|Never again will a single story be told as though it were the only one – John Berger
Last summer, I was in Nigeria to promote the publication of the Nigerian edition of my book – Voice of America. The readings I gave in Nigeria were very far from the subdued bookish events that I had done for the book both in the U.S and in Europe. This was a Made in Nigeria book tour. It had the robustness and boisterousness that is so typically Nigerian. I thoroughly enjoyed myself.
What I did not enjoy was having the phrase the danger of a single story thrown at me over and over again. None of those who harangued me with this phrase had heard of John Berger or read his novel G. The novel won the Booker Prize in 1972 and the writer famously donated half of the prize money to the Black Panther Party. They could care less about the origin of the expression that they now chanted like a mantra.
I wished that there was some way I could reassure them that their fears were unfounded. As Arundathi Roy once remarked – There can never be a single story. There are only ways of seeing. So when I tell a story… I tell it as a story-teller who wants to share her way of seeing.
Whenever I read in the U.S. and in Europe people tend to ask me if I see myself as an African writer. I am without any doubt an African writer. I do of course see why some will balk at the term. What I do not understand is why this group of writers does not have a problem with being called African. They seem to be saying – African is fine just don’t add writer to it. Or writer is fine as long as you don’t add African to it. As the writer Helon Habila once said, it is possible to start out as an African writer and end up as an Australian writer or British writer. JM Coetzee started out as an African writer though he is not one now. So did Doris Lessing who was born in Rhodesia.

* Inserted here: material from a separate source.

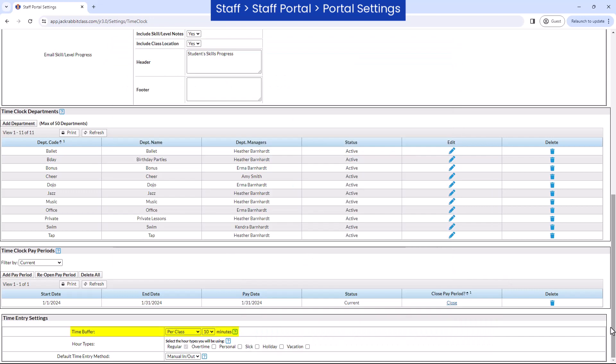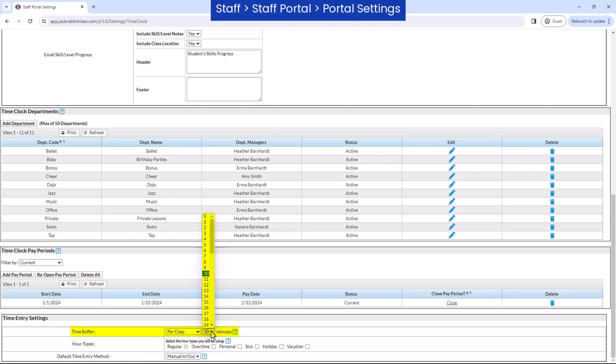The time buffer setting allows you to add time to the staff's scheduled time. If staff is paid for time worked before or after class, such as setup or cleanup, enter this additional time as a time buffer. This will provide a more accurate comparison between actual and scheduled hours.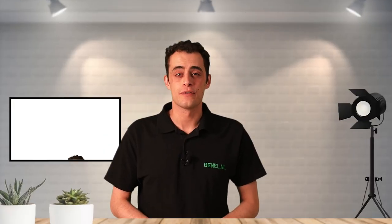Thank you for watching this video. For more information or to place an order, visit benel.eu.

Why is being identified as an African writer problematic and unhelpful for some? Is it possible that we fear the images that being African conjures? – images of war, diseases, child soldiers, poverty etc.
The writers in this issue were told to work around the theme of Identity. They handle this theme in very different ways. It is no surprise that their ways of seeing differ. This is as it should be. They tell multiple stories. They remind us that there are many stories to tell and many ways of seeing.